- YOUR INSTRUCTIONS
With the images removed, transcribe the listing that follows exactly.

- THE RECORDS
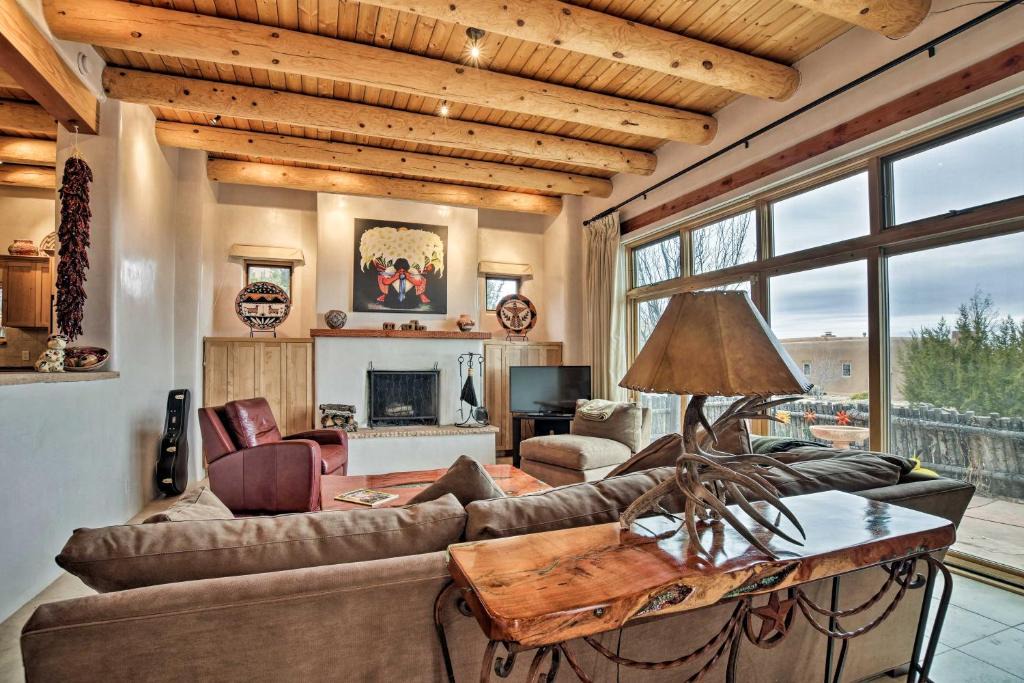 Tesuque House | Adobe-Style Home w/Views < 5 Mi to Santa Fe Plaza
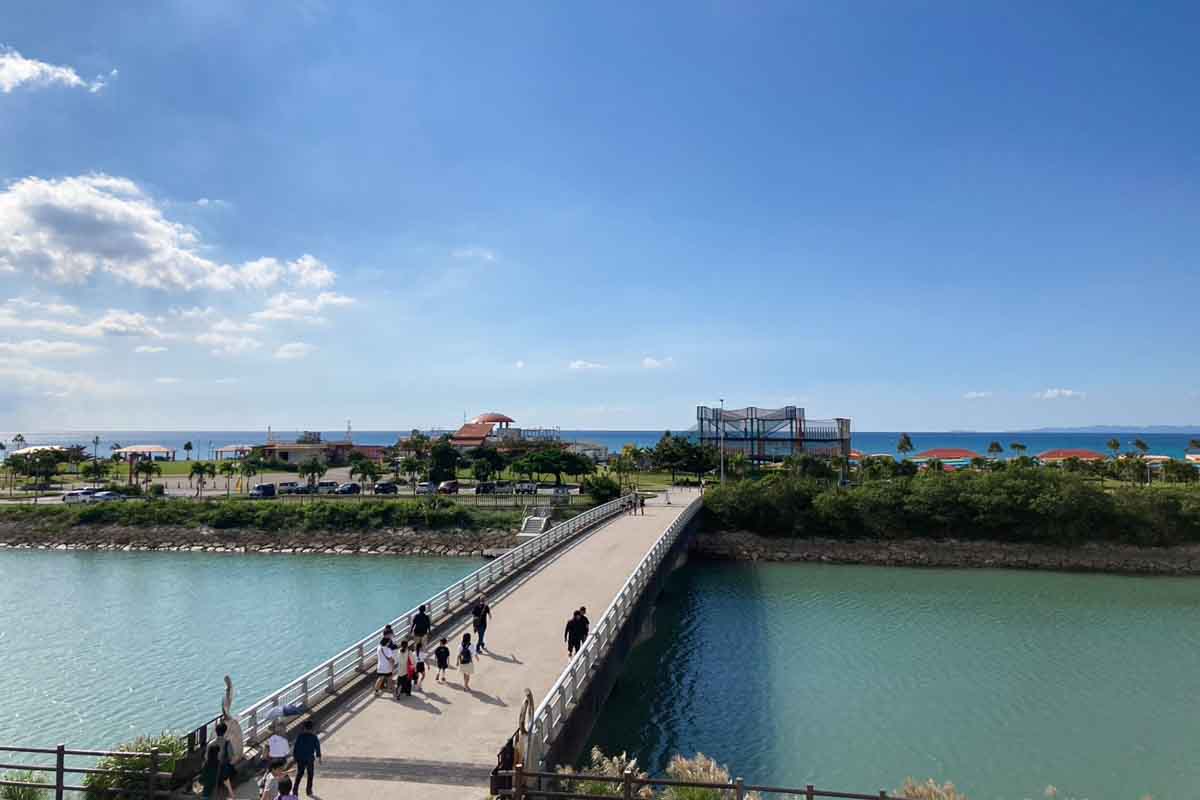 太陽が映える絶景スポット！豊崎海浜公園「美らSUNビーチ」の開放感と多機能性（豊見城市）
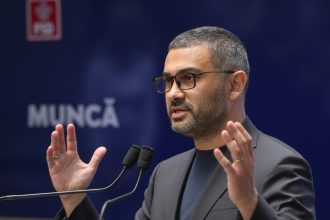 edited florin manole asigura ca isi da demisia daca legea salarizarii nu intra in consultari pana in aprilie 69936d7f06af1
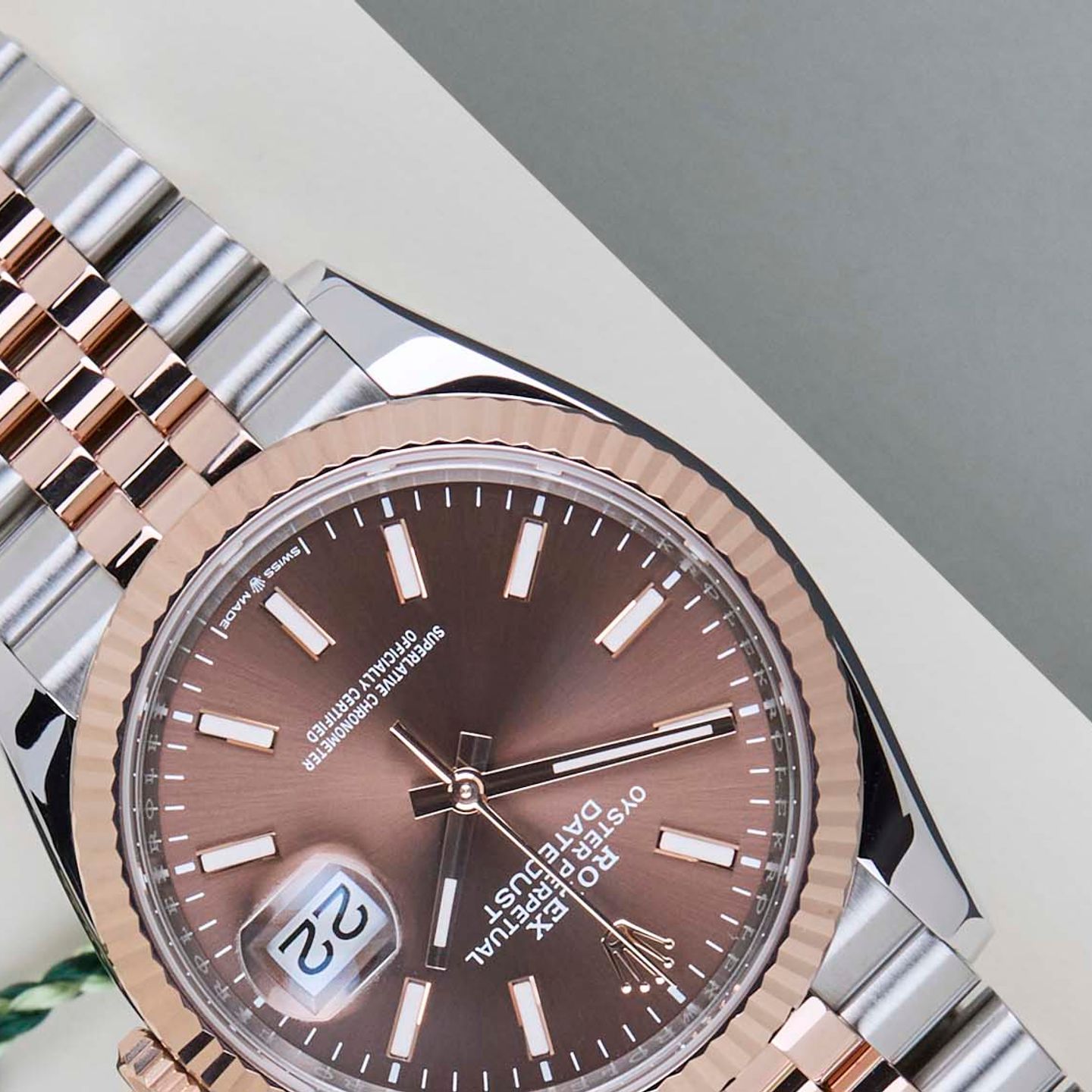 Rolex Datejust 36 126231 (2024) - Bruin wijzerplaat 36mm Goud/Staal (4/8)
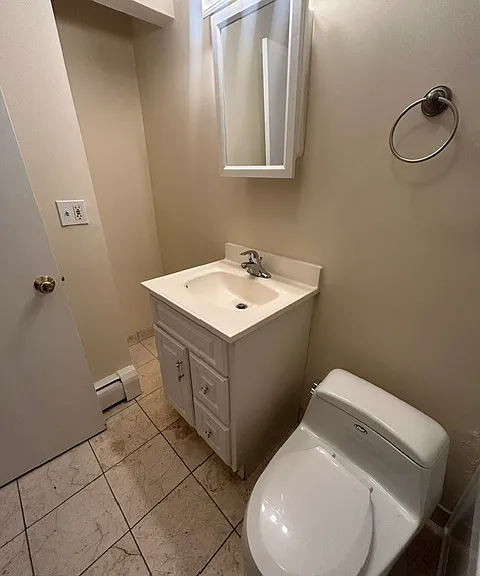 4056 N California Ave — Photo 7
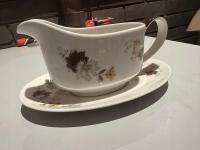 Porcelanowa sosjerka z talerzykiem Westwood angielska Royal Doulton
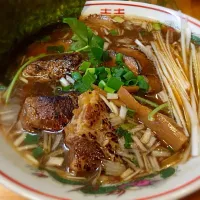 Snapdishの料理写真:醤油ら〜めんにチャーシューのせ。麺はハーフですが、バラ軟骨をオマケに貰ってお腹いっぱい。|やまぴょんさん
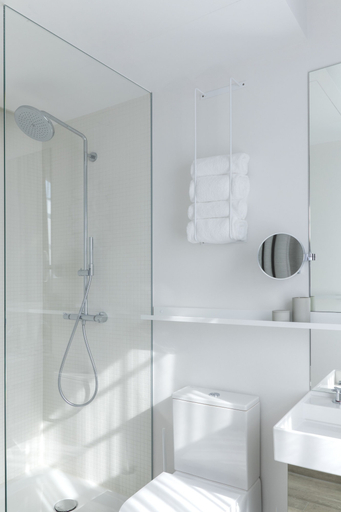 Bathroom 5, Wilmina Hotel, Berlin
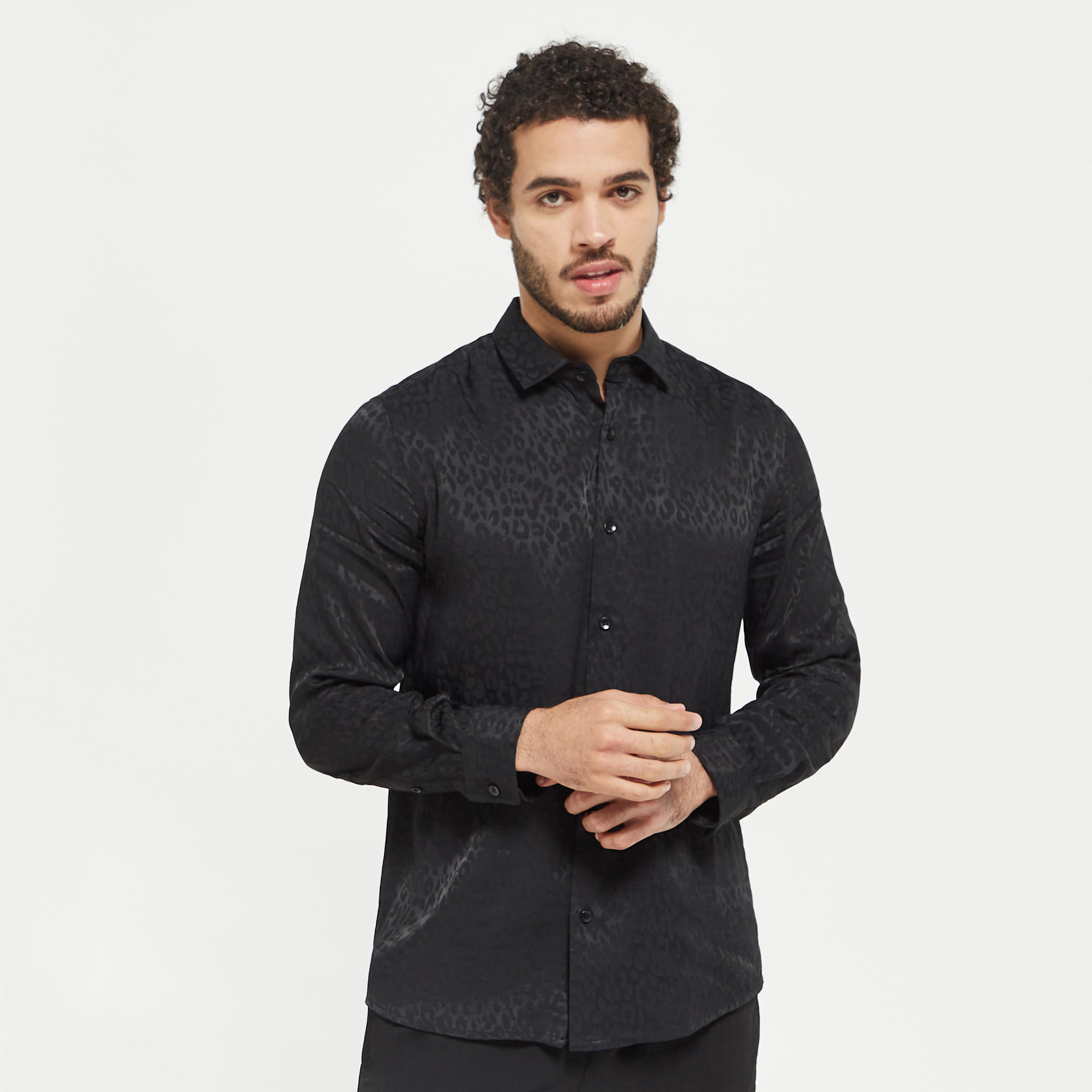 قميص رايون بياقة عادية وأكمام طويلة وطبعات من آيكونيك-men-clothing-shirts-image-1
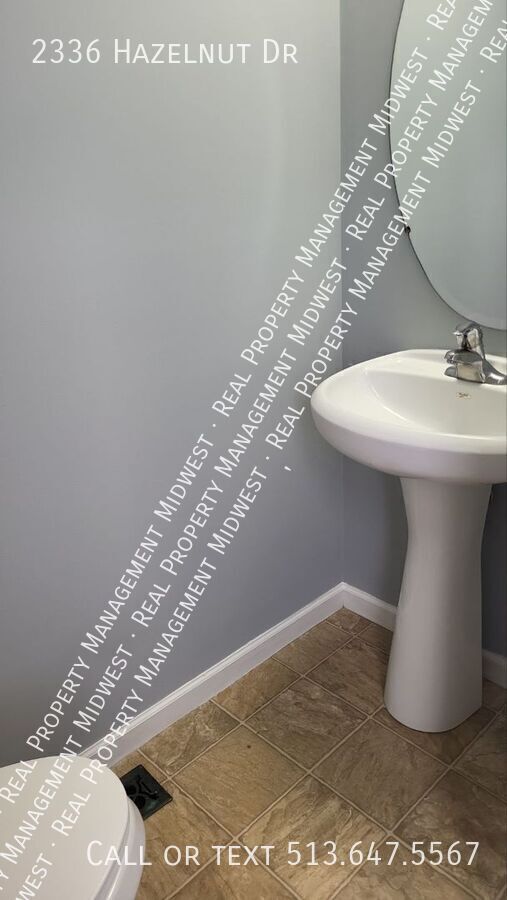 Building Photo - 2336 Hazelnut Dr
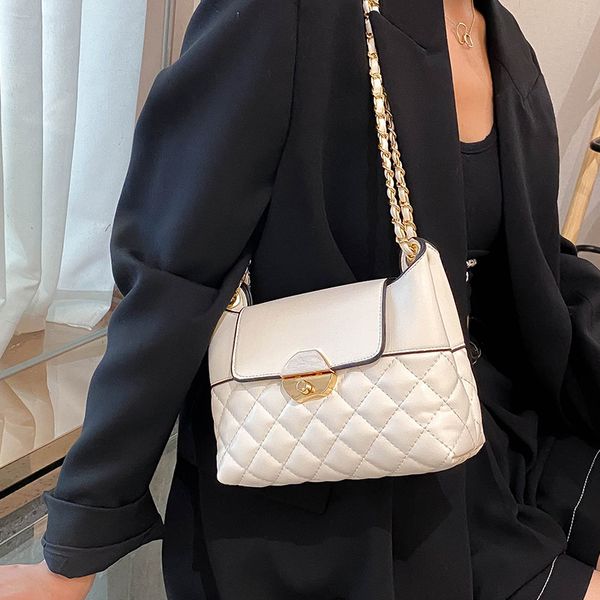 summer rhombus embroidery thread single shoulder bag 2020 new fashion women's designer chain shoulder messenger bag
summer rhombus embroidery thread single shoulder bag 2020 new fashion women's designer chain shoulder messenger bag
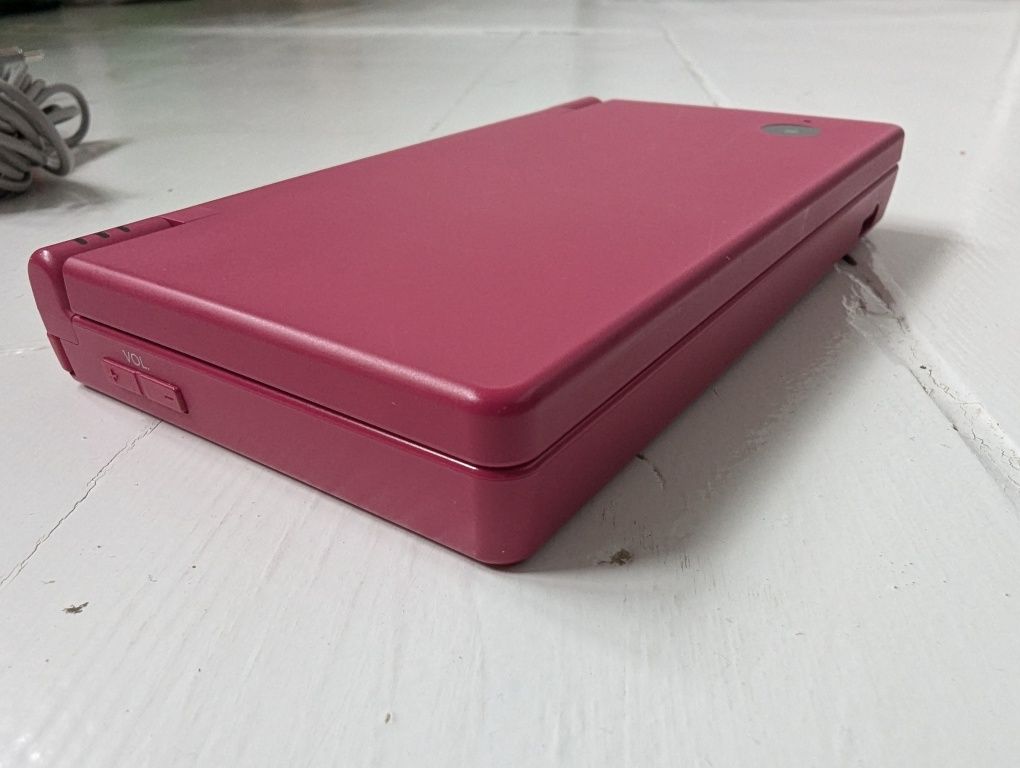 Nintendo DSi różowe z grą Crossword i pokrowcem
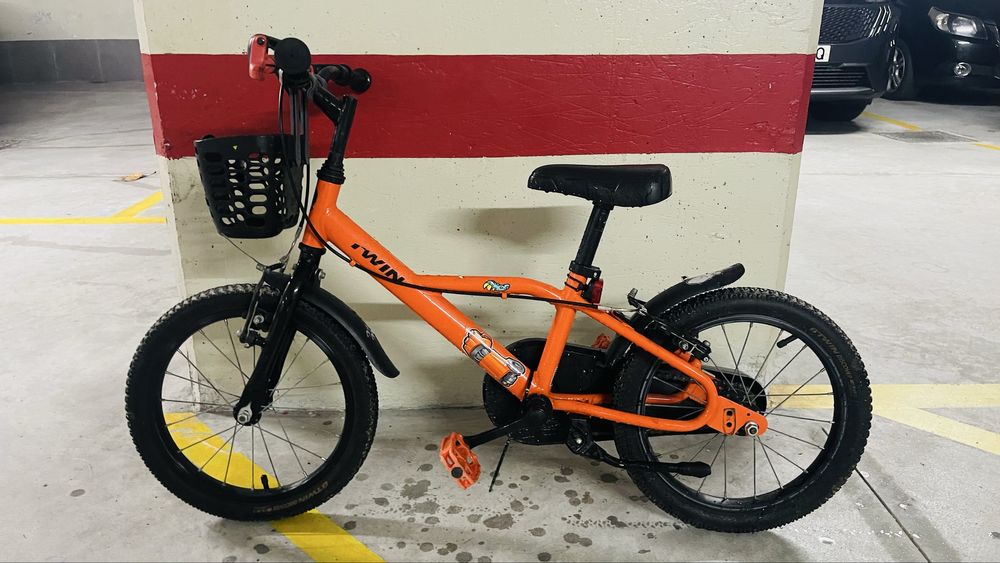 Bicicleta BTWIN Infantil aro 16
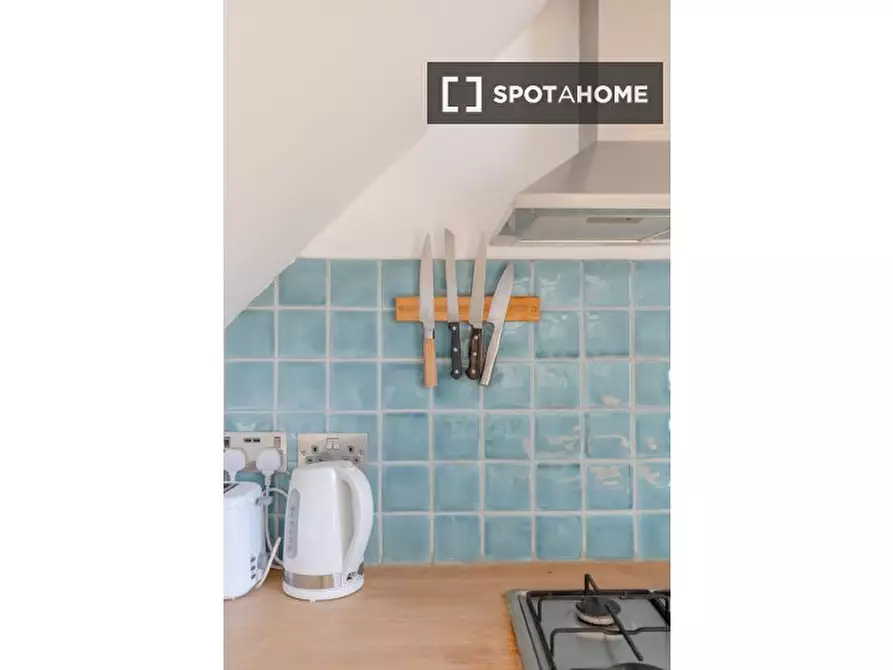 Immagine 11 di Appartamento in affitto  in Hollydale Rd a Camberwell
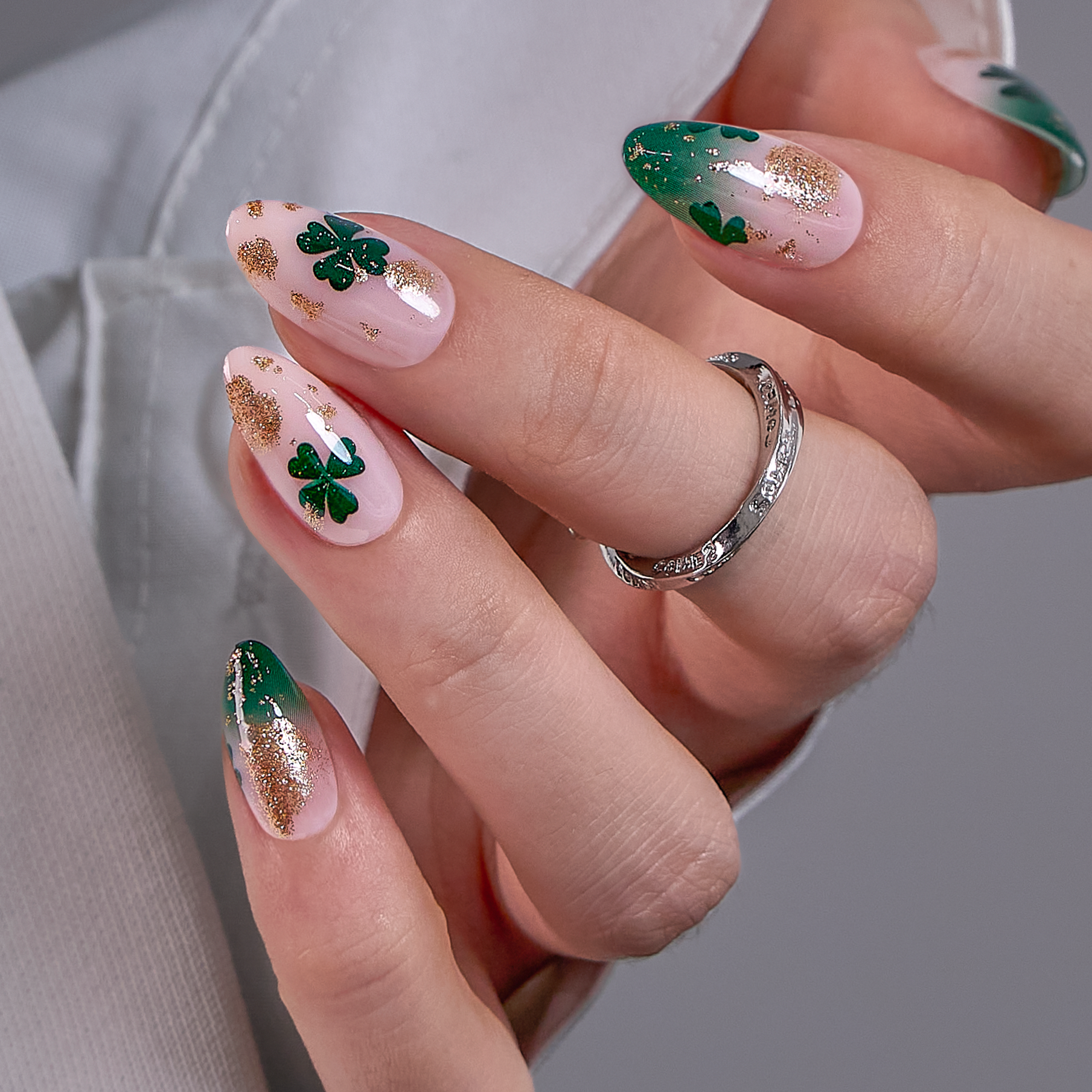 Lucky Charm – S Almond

- THE ANSWER
 Tesuque House | Adobe-Style Home w/Views < 5 Mi to Santa Fe Plaza
 太陽が映える絶景スポット！豊崎海浜公園「美らSUNビーチ」の開放感と多機能性（豊見城市）
 edited florin manole asigura ca isi da demisia daca legea salarizarii nu intra in consultari pana in aprilie 69936d7f06af1
 Rolex Datejust 36 126231 (2024) - Bruin wijzerplaat 36mm Goud/Staal (4/8)
 4056 N California Ave — Photo 7
 Porcelanowa sosjerka z talerzykiem Westwood angielska Royal Doulton
 Snapdishの料理写真:醤油ら〜めんにチャーシューのせ。麺はハーフですが、バラ軟骨をオマケに貰ってお腹いっぱい。|やまぴょんさん
 Bathroom 5, Wilmina Hotel, Berlin
 قميص رايون بياقة عادية وأكمام طويلة وطبعات من آيكونيك-men-clothing-shirts-image-1
 Building Photo - 2336 Hazelnut Dr
 summer rhombus embroidery thread single shoulder bag 2020 new fashion women's designer chain shoulder messenger bag
summer rhombus embroidery thread single shoulder bag 2020 new fashion women's designer chain shoulder messenger bag
 Nintendo DSi różowe z grą Crossword i pokrowcem
 Bicicleta BTWIN Infantil aro 16
 Immagine 11 di Appartamento in affitto  in Hollydale Rd a Camberwell
 Lucky Charm – S Almond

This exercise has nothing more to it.